#### Directions for this task:
When a picture appears among the records, leave it out, and copy all else exactly.
Start of Data for the task
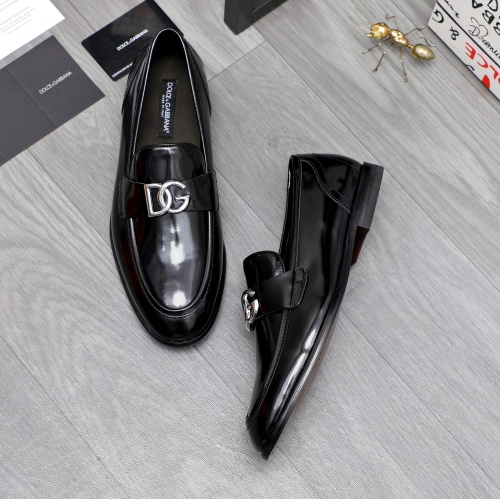 Replica Dolce & Gabbana D&G Leather Shoes For Men #1256939 $125.00 USD for Wholesale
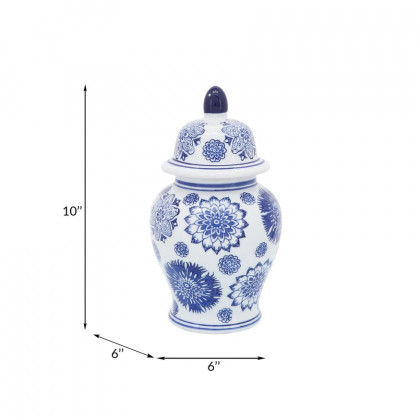 Sagebrook - 10" Ceramic Asstd Flowers Temple Jar in Blue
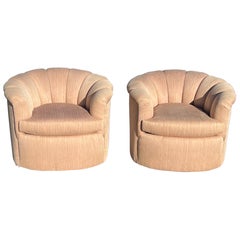 Pair of Scalloped Swivel Chairs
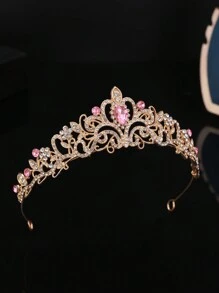 1pc Girls' Luxury Rhinestone Princess Crown Headband - Multicolor - View 3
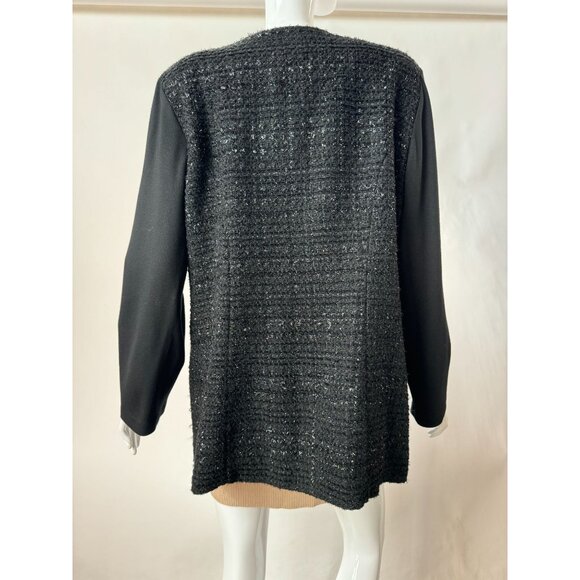 Chicos Open-Front Black Tweed Jacket Sz 2 - Picture 16 of 16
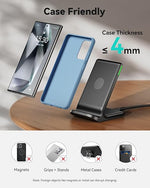 INIU Wireless Charger, 15W Fast Qi Certified Wireless Charging Station with Sleep-Friendly Adaptive Light Compatible with iPhone 17 16 15 14 13 12 Pro Max Samsung Galaxy S25 S24 S23 Note 20 Google etc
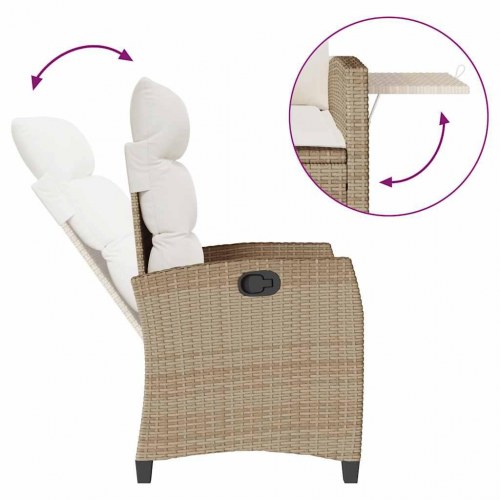 Havestol med lænefunktion og sidebord polyrattan beige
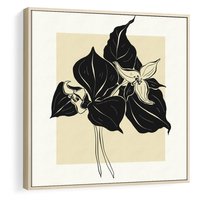 Obraz w ramie 50x50 - Ekspresja w szkicowanych kształtach - kwiaty, typografia - rama drewno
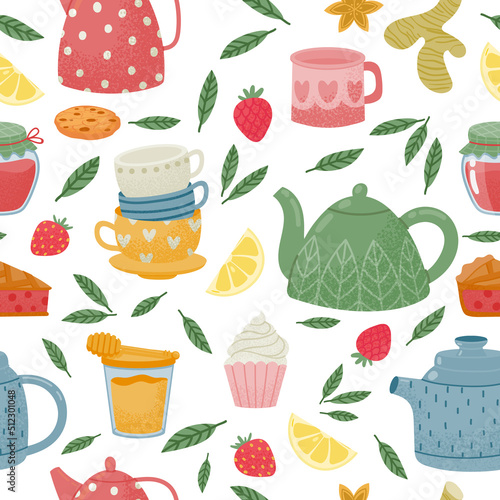 Decorative tea time seamless pattern with teapot and cup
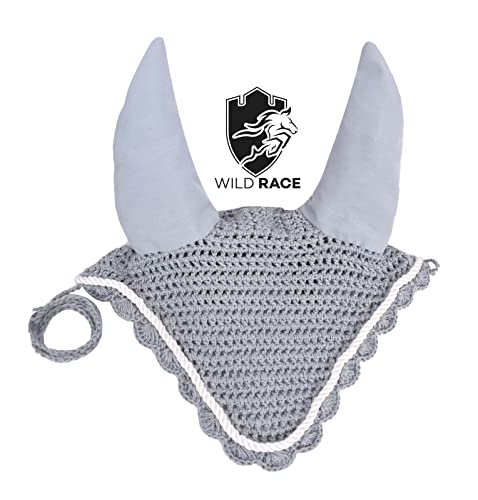 Wildrace Fliegenhaube für Pferde, Ohrenhaube, Maske, Netz, Häkelarbeit (Cob, Grau) von WILD RACE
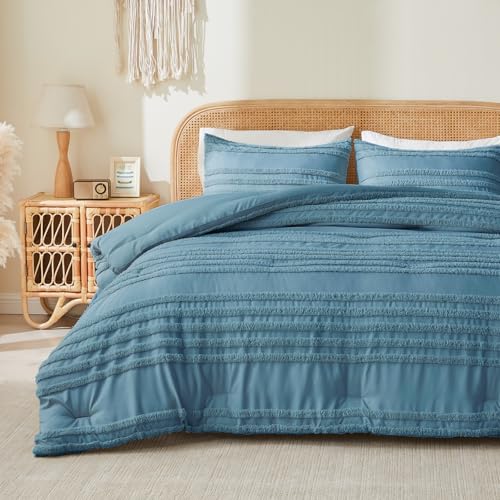 BEDELITE Boho Comforter Set Queen Size, Dusty Blue Tufted Striped Bed Set 3 Pieces, Soft Vintage Farmhouse Comforter for All Seasons, Boho Home Decor,Fluffy Jacquard Bedding with 2 Pillow Shams - color: Dusty Blue, size: Queen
End of Data for the task
#### Solution for this problem:
 Replica Dolce & Gabbana D&G Leather Shoes For Men #1256939 $125.00 USD for Wholesale
 Sagebrook - 10" Ceramic Asstd Flowers Temple Jar in Blue
 Pair of Scalloped Swivel Chairs
 1pc Girls' Luxury Rhinestone Princess Crown Headband - Multicolor - View 3
 Chicos Open-Front Black Tweed Jacket Sz 2 - Picture 16 of 16
 INIU Wireless Charger, 15W Fast Qi Certified Wireless Charging Station with Sleep-Friendly Adaptive Light Compatible with iPhone 17 16 15 14 13 12 Pro Max Samsung Galaxy S25 S24 S23 Note 20 Google etc
 Havestol med lænefunktion og sidebord polyrattan beige
 Obraz w ramie 50x50 - Ekspresja w szkicowanych kształtach - kwiaty, typografia - rama drewno
 Decorative tea time seamless pattern with teapot and cup
 Wildrace Fliegenhaube für Pferde, Ohrenhaube, Maske, Netz, Häkelarbeit (Cob, Grau) von WILD RACE
 BEDELITE Boho Comforter Set Queen Size, Dusty Blue Tufted Striped Bed Set 3 Pieces, Soft Vintage Farmhouse Comforter for All Seasons, Boho Home Decor,Fluffy Jacquard Bedding with 2 Pillow Shams - color: Dusty Blue, size: Queen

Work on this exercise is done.